Liu Hong

Liu Hong

Shandong University of Technology, China

Title: Insights into the evolutionary history of an emerging virus: Banna virus


Liu Hong has completed her PhD from State Key Laboratory for Infectious Disease Prevention and Control, Institute for Viral Disease Control and Prevention, Chinese Center for Disease Control and Prevention, China. She is currently working as an Assistant Professor at School of Life Sciences, Shandong University of Technology. Her current research interest includes the detection and investigation of arboviruses and associated disease.

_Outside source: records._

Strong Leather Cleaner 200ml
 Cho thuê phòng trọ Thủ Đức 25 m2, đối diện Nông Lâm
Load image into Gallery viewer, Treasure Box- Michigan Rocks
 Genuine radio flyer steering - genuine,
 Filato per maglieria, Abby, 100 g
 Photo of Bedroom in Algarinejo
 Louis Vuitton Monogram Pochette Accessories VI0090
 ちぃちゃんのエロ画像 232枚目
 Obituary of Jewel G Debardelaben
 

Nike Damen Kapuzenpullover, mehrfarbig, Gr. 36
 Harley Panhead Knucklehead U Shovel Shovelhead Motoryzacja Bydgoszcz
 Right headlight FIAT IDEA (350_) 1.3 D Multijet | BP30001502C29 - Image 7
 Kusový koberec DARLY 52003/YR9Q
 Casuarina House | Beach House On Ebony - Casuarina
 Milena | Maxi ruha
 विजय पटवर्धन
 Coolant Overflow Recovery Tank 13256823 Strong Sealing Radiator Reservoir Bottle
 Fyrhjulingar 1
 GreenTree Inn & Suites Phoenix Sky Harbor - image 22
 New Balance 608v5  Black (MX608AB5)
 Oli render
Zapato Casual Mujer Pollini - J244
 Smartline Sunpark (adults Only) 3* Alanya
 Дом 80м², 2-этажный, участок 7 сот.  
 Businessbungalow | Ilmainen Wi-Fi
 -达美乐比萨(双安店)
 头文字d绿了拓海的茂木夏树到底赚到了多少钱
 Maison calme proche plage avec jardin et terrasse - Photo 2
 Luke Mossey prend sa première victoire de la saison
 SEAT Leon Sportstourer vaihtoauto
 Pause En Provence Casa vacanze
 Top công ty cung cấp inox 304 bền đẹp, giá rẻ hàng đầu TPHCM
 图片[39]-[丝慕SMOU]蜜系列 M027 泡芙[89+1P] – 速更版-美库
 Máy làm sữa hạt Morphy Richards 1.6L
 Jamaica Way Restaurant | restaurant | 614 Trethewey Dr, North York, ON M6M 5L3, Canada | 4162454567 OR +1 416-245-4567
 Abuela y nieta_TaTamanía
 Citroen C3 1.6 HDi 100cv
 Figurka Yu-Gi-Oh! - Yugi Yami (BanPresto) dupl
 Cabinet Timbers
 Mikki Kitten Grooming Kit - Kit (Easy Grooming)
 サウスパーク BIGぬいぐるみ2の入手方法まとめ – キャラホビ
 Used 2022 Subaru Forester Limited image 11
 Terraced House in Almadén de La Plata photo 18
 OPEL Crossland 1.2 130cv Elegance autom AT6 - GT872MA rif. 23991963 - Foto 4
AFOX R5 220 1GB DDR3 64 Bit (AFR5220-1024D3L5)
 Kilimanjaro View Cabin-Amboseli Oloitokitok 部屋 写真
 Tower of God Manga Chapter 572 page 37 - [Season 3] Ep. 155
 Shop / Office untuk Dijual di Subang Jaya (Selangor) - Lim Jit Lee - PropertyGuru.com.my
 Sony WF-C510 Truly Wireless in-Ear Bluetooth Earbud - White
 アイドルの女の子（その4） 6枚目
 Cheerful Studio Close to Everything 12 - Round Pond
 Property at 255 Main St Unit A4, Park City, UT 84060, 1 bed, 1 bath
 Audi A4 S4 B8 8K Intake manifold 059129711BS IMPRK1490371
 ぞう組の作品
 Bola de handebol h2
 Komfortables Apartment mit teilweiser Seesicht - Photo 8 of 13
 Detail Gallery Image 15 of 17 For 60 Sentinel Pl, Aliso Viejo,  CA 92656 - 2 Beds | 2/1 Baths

Banna virus (BAV) was initially isolated from patients with encephalitis and fever in Yunnan Province of China in 1987. Since then, BAV isolates have been obtained from pigs, cattle and kinds of blood sucking insects in China, Indonesia and Vietnam, which were mainly located in tropics and sub-tropic zones. In 2013, BAV like viruses have been reported isolated in Hungary, showing that these kinds of viruses have been extends from tropical and sub-tropic zones of Southeast Asia to North temperate regions of Europe. BAVs have been considered as an emerging pathogen. However, until now, no systematic evolutionary analysis of BAVs has been reported. In this study, we used genome sequences of segment 12 of BAVs isolated worldwide from 1987-2012 to investigate evolutionary and epidemiologic dynamics. Phylogeographic approach estimated BAVs was originated in the Indonesia region and then rapidly spread to Southeast Asia and Europe within just about 30 years. The Bayesian phylogenetic analysis of BAVs reveals the time to most recent common ancestor and initial divergence of BAVs was at about the beginning of 20th century. Population dynamics analysis indicated that the genetic diversity of BAVs declined in the late 1980s, suggesting that the virus of BAV was suffering from bottle-necked event. These results and their interpretation provide new insights into our understanding of BAV evolution and dispersal and highlight its potential for introduction into new areas.